Although the villagers had forgotten the ritual and lost the original black box, they still remembered to use stones. (76)

This passage implies that the villagers derive a certain amount of enjoyment out of the stoning. Why else would it be a fundamental aspect of the ritual?

There was the proper swearing-in of Mr. Summers by the postmaster, as the official of the lottery; at one time, some people remembered, there had been a recital of some sort, performed by the official of the lottery, a perfunctory. tuneless chant that had been rattled off duly each year; some people believed that the official of the lottery used to stand just so when he said or sang it, others believed that he was supposed to walk among the people, but years and years ago this part of the ritual had been allowed to lapse. (7)

All this hullabaloo lends the lottery a distinctly official quality. We learn later that beneath this veneer of civility is simply community-sanctioned violence.

The original paraphernalia for the lottery had been lost long ago, and the black box now resting on the stool had been put into use even before Old Man Warner, the oldest man in town, was born. Mr. Summers spoke frequently to the villagers about making a new box, but no one liked to upset even as much tradition as was represented by the black box. (5)

The villagers are extremely resistant to change, although as seen in other passages, the lottery is not without its detractors.
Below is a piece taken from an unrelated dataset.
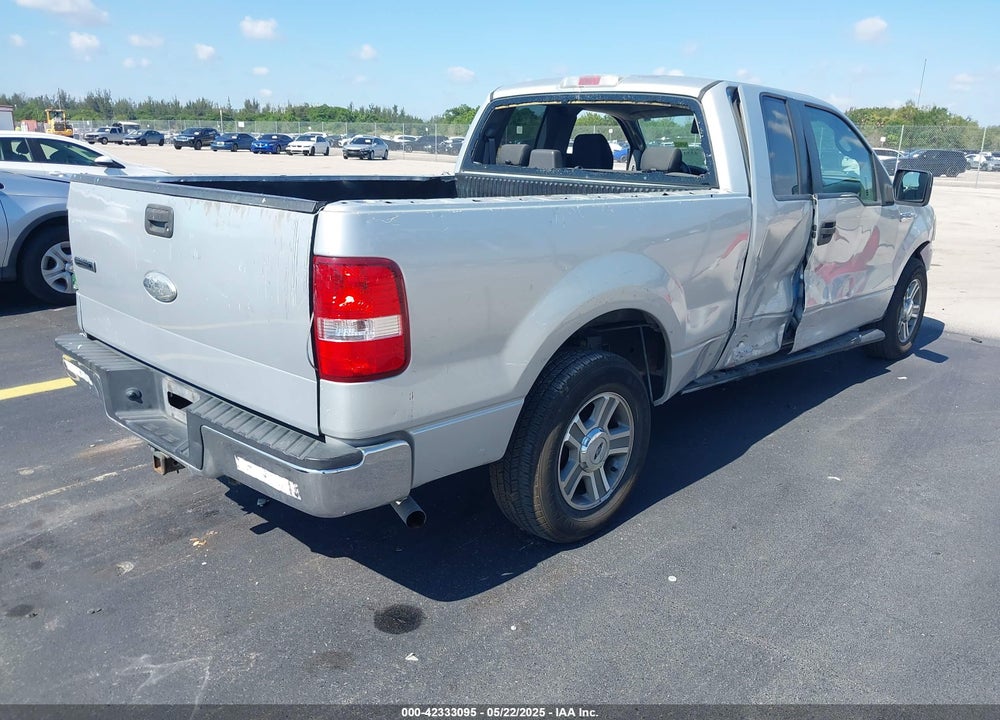 2007 FORD F-150 STX/XL/XLT VIN: 1FTRX12W87FB65702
Chips of wood, Mr. Summers had argued. had been all very well when the village was tiny, but now that the population was more than three hundred and likely to keep on growing, it was necessary to use something that would fit more easily into the black box. (6)
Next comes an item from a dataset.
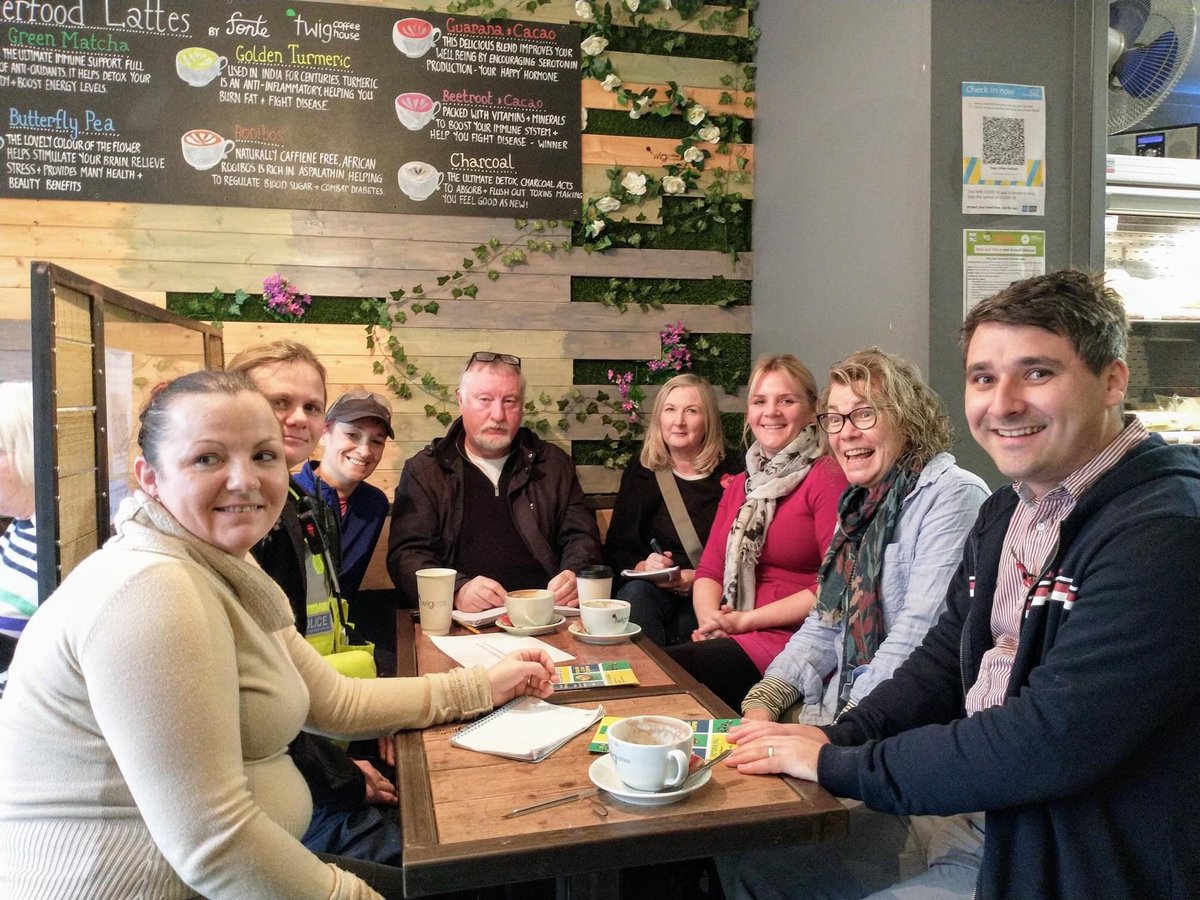 MoveMoreGlossop's tweet image. Great to have such a diverse group from the community of Hadfield all with the same goal, to provide a sustainable safe environment for the young people of Hadfield #CommunityEngagement #activeenvironment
Mr. Summers takes his job very seriously and does not mind amending old customs as he sees fit.

The people of the village began to gather in the square, between the post office and the bank, around ten o'clock. (1)

The lottery follows a tried-and-true process, the beginning of which we see here.

There had been, also, a ritual salute, which the official of the lottery had had to use in addressing each person who came up to draw from the box, but this also had changed with time, until now it was felt necessary only for the official to speak to each person approaching. (7)

The lottery has evolved over time, yet there are fundamental elements of it that the villagers would never consider changing.